“You’re not going to make it!”

Eva Jinek is very strict with the interns who work at her editorial office. If one of them doesn’t get up fast enough at breaking news, then she shoots it immediately. “You’re not going to make it!”

© RTL

The media may be talking about the working atmosphere at De Wereld Draait Door all the time, but expectations are also very high on the editorial floor of Eva Jinek. The presenter can pretty much swim in her vacation days herself, but if her employees show lazy behavior, she detests it.

Volume knob

Eva points in the podcast Young Years especially on the interns who walk around with her. “When I’m in the editorial office and something happens to it breaking news… There are always interns at our editorial office. If I get up earlier to turn up the volume of the television that is on than an intern, then I think: ‘You’re not going to make it.’”

Oops, do her interns know that too?
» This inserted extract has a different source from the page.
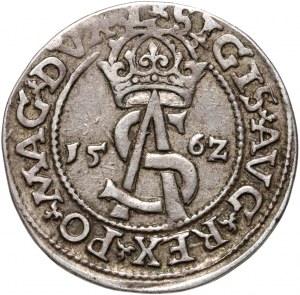 Zikmund II August, litevský troják 1562, Vilnius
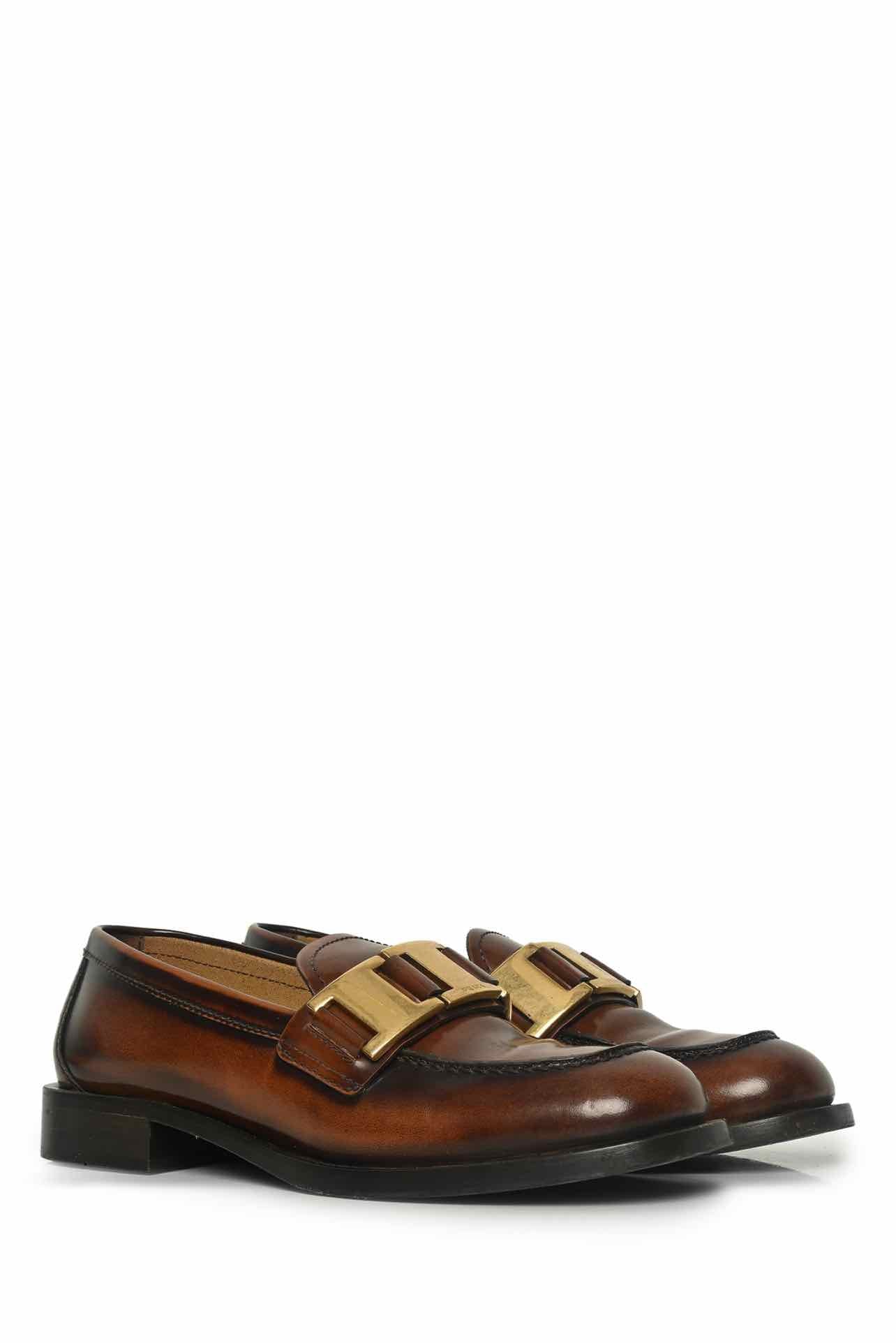 Prada Size 35.5 Buckle Loafers - Image 2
Laughing: “I hope so now.”

They can also be positively striking, says Eva. “A lot of people work for me at the editorial office who once started as an intern. (…) There are plenty that I have seen, because they did every last detail of what I asked them or what their duties were in such a way that I thought: hey, who is that young girl or boy who is so good…”

Foot in door

That works best, says Eva. “We’ve taken on so many over the years that way. So it really works. (…) You have to make sure you get that internship, but when you’re in, that’s your chance to show who you are. And that’s in every… It’s how you greet when you come in. It’s how you think along in a meeting.”

Even if nothing is explicitly asked of you, says Eva. “You can just wait until everyone has finished talking. Do you say, “By the way, I was thinking, maybe this is a nice idea.” Believe me, that really stands out. And people remember that and those people are hired.”

M&Ms for Charles

Eva herself was like that when she did an internship with Charles Groenhuijsen. She used to get him salads. “And he really wanted some M&Ms too. Many people wait for the ultimate job to show what they can do or who they are. To really do their very best. That doesn’t work in my opinion.”

She continues: “No matter how small, meaningless and unseen the job is: you do it to the best of your ability. And if you always do that with all the chores… Cleaning the refrigerator in Washington at the internship, getting salad, being on time at work, thinking along, even if no one asks you to think along… That collection of these little moments is building up .”

‘Who is that?’

Eventually you will stand out automatically, says Eva. “Then someone suddenly thinks: who is the one who gets those salads for me all the time? Because she gets them on time, she also gets the M&Ms and she also had some ideas for tomorrow, for a job. That’s how it works. Then people see you.”

Eva is disgusted with lax people. “We don’t look at each other to see slackness, do we? You want to see someone in top form. You want to see someone who is on the cutting edge, with enthusiasm, with energy telling something. (…) And people who are very laissez faire or very laconic… Yes, that also makes less impression.”

Easily angered

According to Rob Goossens, Eva always gets angry behind the scenes of her talk show when something doesn’t go according to plan. The talk show diva is not asked about this in the interview, but she does indicate that she is very keen on the details.

Eva: “This is the core of how I think about things: every detail counts. (…) If you want something to be very beautiful or well-thought-out or thought-out or to have a deeper layer, that it touches people, that it makes sense, that you know how to react if things go differently than you think, then you have to prepare in detail.”